Atomic Rooster said:


> Wow, who spit in your Cheerio's matez6? Instead of buying a mouse, I would suggest pulling that stick out of your arse first.


what the f*ck does this have to do with anything electronical?

cleraly does have a name you retard. why dont you just leave this farce of a thread and shut up


----------



## Atomic Rooster

I found the perfect mouse for you: Dell Bluetooth 5-Button Travel Mouse


----------



## matez6

13? far from it buddy.

hard to interpret whether youre being serious? it looks like a fair mouse but its pink.
if youre not being serious: yeah alright whatever. i'm f*cking off from this forum.

if you are being serious: i think istumbled upon that mouse before and i'm avoiding travel mice because everyone is saying they're tiny.


----------



## Atomic Rooster

Yes, I am serious.

This one gets good reviews: Logitech Wireless Mouse M305


----------



## matez6

oh, well thanks for being the bigger man, i was getting over fighting. 

well i said it was pink didnt i. i wouldnt nwo that if i didnt click the link. 

i'm looking at his one now, a few local prices and reviews. looks good.


----------



## dwaynep

i say the mx518 is one of the best mouses u can get!


----------



## Atomic Rooster

The MX518 is a good mouse, but he's looking for a _cheap_ wireless mouse.


----------



## matez6

as sexy as the mx518 looks, i dont have that money to spend on a mouse. i decided to follow you (atomic_rooster) and ditch the cheapy no name, and i'm looking around at the m305. 

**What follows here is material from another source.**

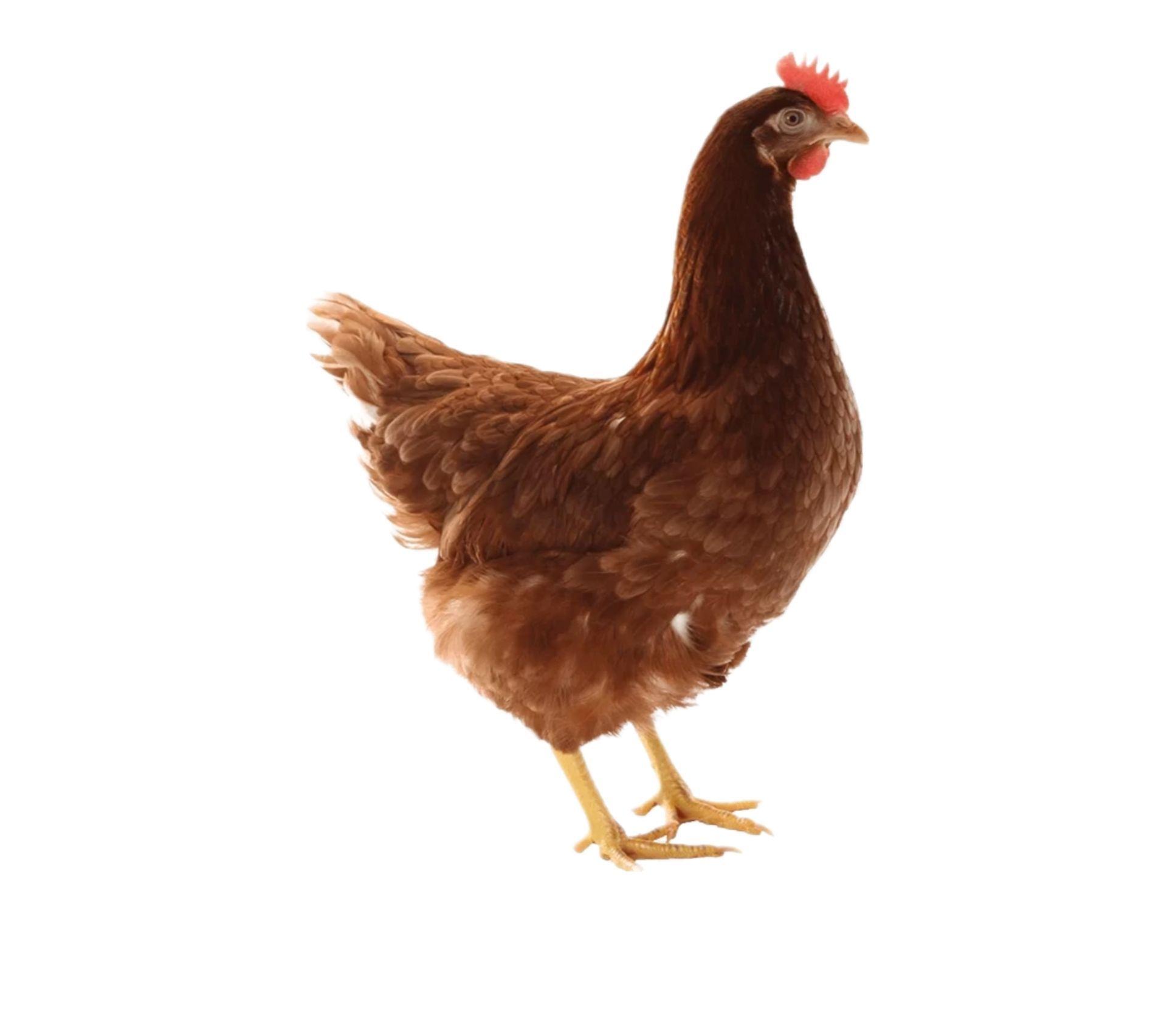 multivitamínico aves - gallinas patos gansos pavos loros catas y todo tipo de aves formato sachet -2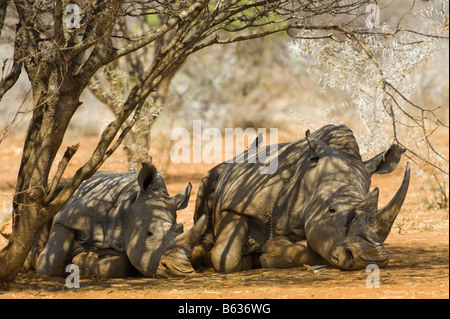 wilde Breitmaulnashorn Rhino CERATOTHERIUM Simum in Akazien Wald Südafrika Südafrika Ambiente Porträt Schlaf schlafen u Stockfoto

you mentioned the microsoft 4000 before, the only thing i dont like about that is that people say that the m305 is a bit bigger. have you held the mc4000 and had that problem atomic_rooster?


----------



## matez6

could you list the two microsoft mice that you've had and why you didnt like them maybe?


----------



## GatesR24

I would suggest the Logitech MX Revolution even if you had to save up for alittle bit for it.


----------



## matez6

for anyone who wants to know. i found a few bux in my wallet and picked up the logitech performance m950


----------